Audit Analytics’ corrections databases recognize three distinct types of error corrections:
- Material errors that undermine reliance on previously filed financial statements. To correct material errors, companies are required to restate previously filed financial statements. Companies are also required to file an 8-K Item 4.02 and warn investors that previously filed financial statements should no longer be relied upon. This type of error correction is also known as a reissuance or “Big R” restatement.
- Errors that are immaterial to the previously filed financial statements, but material in aggregate to the current financial statements. These errors are corrected by revising previously filed financial statements. This type of error correction is also known as a revision or “little r” restatement.
- Errors that are immaterial to either current or previously filed financial statements. These errors are corrected as an aggregate adjustment in the current period and no revision of previously filed financial statements is required. This type of error correction is also known as an out-of-period adjustment.
Our annual report analyzed restatements filed between January 1, 2001 and December 31, 2017. Similar to last year, this post provides a subsequent analysis of out-of-period adjustments to determine if they follow the same patterns as restatements.
As of August 23, 2004, companies that file a 10-K as an annual report are required to disclose when past financial statements should no longer be relied upon in Item 4.02 of an 8-K. As shown in our report, since 2005, the first full year after this new reporting requirement took effect, these reissuance restatements have steadily declined, reaching a low of 109 in 2017. Inversely, out-of-period adjustments were on the rise between 2009 and 2016, reaching a high of 330 in 2016 before dipping to 276 in 2017.
This trend implies that errors are being corrected before evolving to a magnitude necessitating a reissuance restatement to rectify the error.
Several quantitative criteria can be measured to understand the severity of restatements and out-of-period adjustments:
Largest Negative Impact on Net Income
Perhaps one of the most telling metrics of severity involves the largest negative impact on net income each year. Since 2009, the largest restatement exceeded the largest out-of-period adjustment in eight out of nine years.
The largest out-of-period adjustment in 2017 was disclosed by an insurance conglomerate American International Group, Inc. [AIG]. The immaterial correction was primarily related to income tax liabilities and ceded loss adjustment expenses, which increased 2016 Net Loss Attributable to the company by $174 million; the reported loss that year was $849 million. Notably, AIG disclosed out-of-period adjustments of similar magnitude in five out of the most recent nine years.
Percentage with No Impact
The percentage of error corrections having no impact on the financial statements can also be used as a measure of the severity of restatements during a specific year.

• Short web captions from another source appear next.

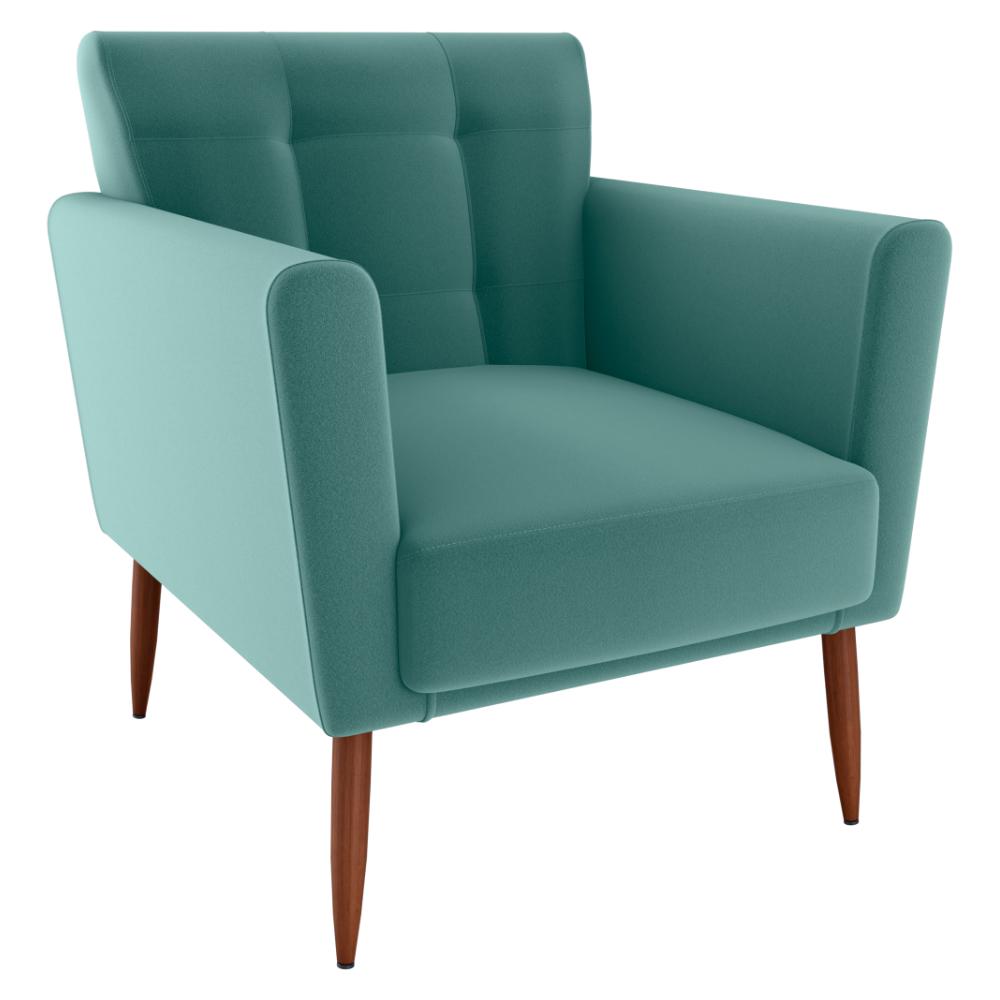 Poltrona Decorativa Pes Palito Cancun Veludo Deluxe Verde Milani Store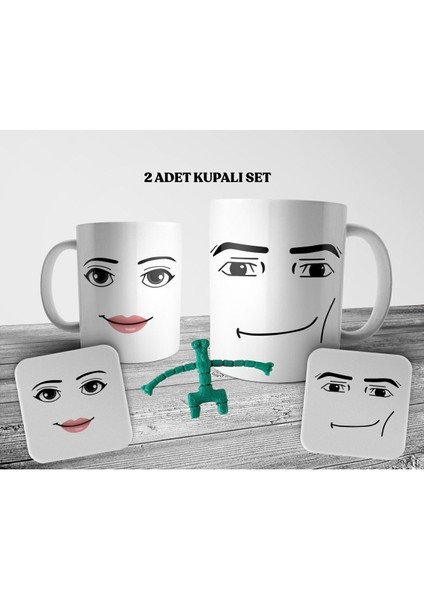 Roblox Man & Woman Face 2 Adet Kupa Bardak ve Bardak Altlığı Seti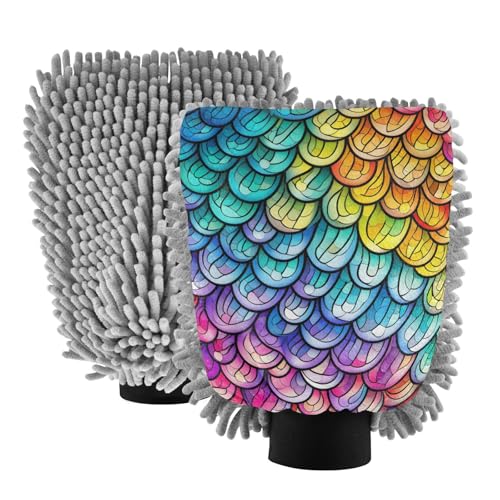 IOACIY Absorbent Microfiber Car Wash Drying Mitts, 2 Pack, Scratch-Free & Lint-Free, Rich Foam, Highly Absorbent, Double Sided, Wash Mitt Perfect for Car Washing, M, Colorful Dragon Scales (8)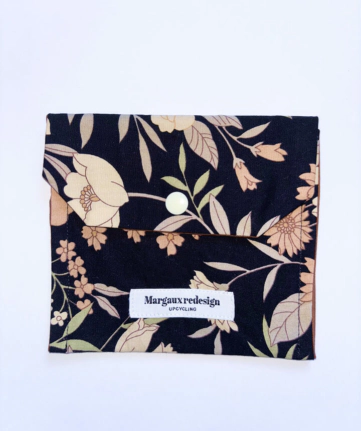 Pochette noire fleurs Margaux redesign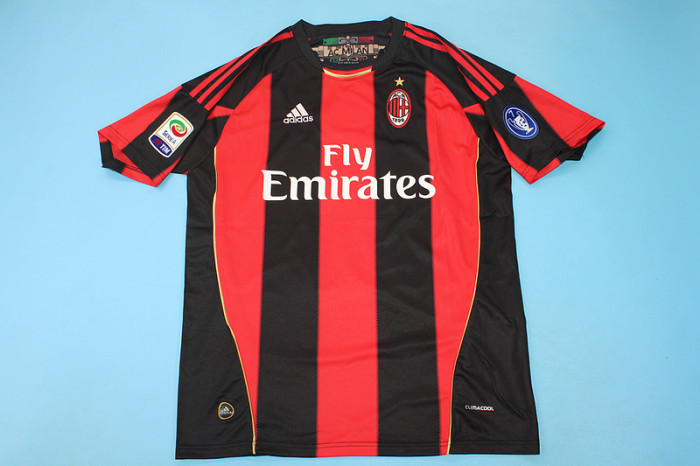 with Serie A+Trophy 7 Patch Retro Jersey 2010-2011 AC Milan IBRAHIMOVIC 11 Home Soccer Jersey Vintage Football Shirt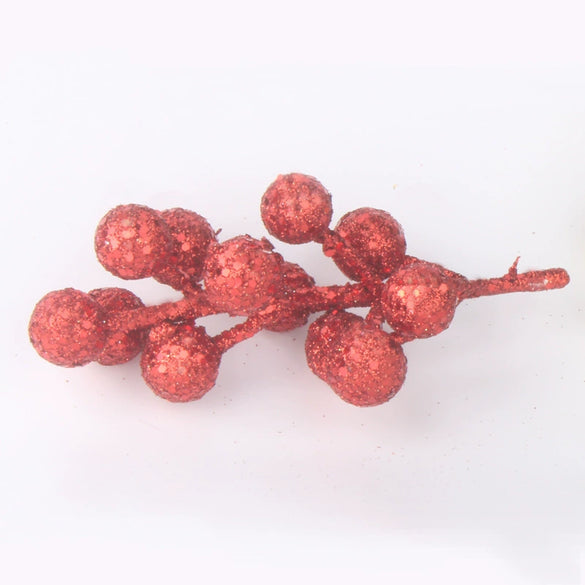Plastic Simulation Fruit String Christmas Decorations Gold And Red Glitter For Christmas Tree Wreath Diy Accessories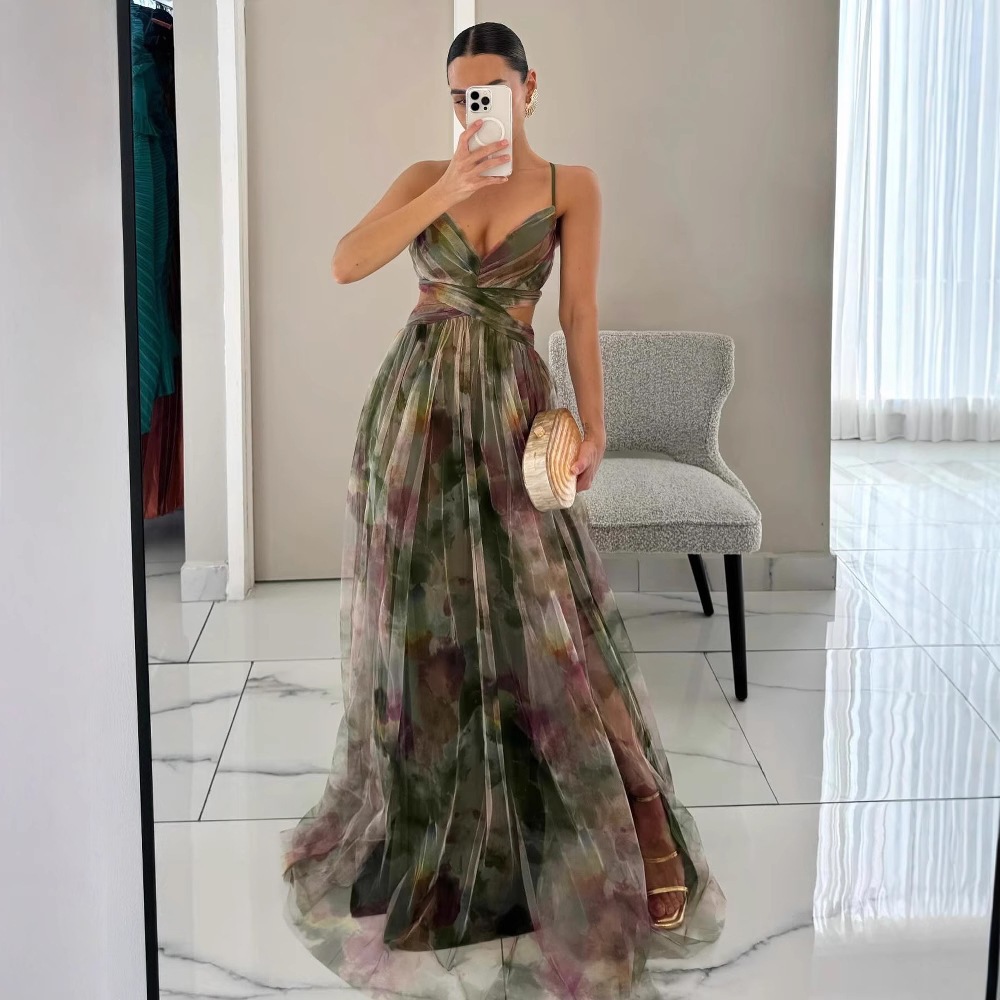 Women's Printed Mesh Cami Dress Sleeveless V-Neck Long Flowy Vacation Party Dress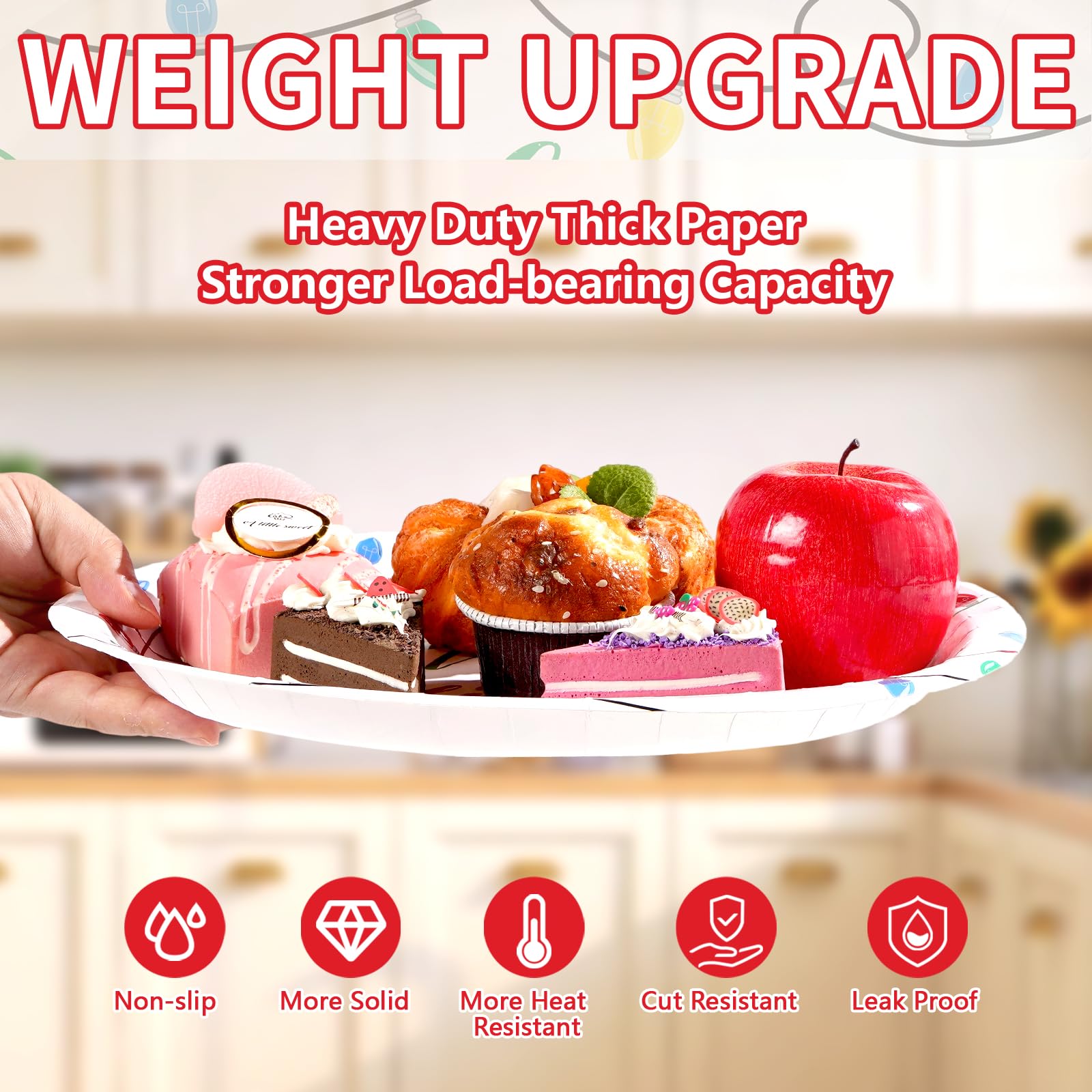 50Pcs Christmas Light Bulb Oval Paper Plates - Grencian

The percentage of restatements with no impact remained relatively stable between 2009 and 2011, at which point it began increasing, reaching a high of 60.0% in 2014. In 2017, 53.7% of restatements and 38.8% of adjustments had no impact on the financial statements.
While useful to look at the quantitative aspects of error corrections, the most common types of issues remedied via restatements versus out-of-period adjustments may provide deeper insight into whether different type of issues are corrected using different error correction methods. In other words, it’s interesting to see which issues tend to be corrected by means of restatements and which lean more towards adjustments.
Since 2009, four main issues have consistently been disclosed with the highest frequency each year for restatements. In 2017, the top issue has involved securities (debt, quasi-debt, warrants & equity), comprising 15.7% of restatements, while securities issues totaled only 4.3% of adjustments. On the other hand, taxes were the reason behind 26.8% of adjustments, almost twice as much as the 13.9% of restatements.
Irrespective of the scale of the error correction, both restatements and adjustments negatively impact the financial reporting of a company. Even immaterial errors in financial reporting may predict future material weaknesses and errors in financial statements.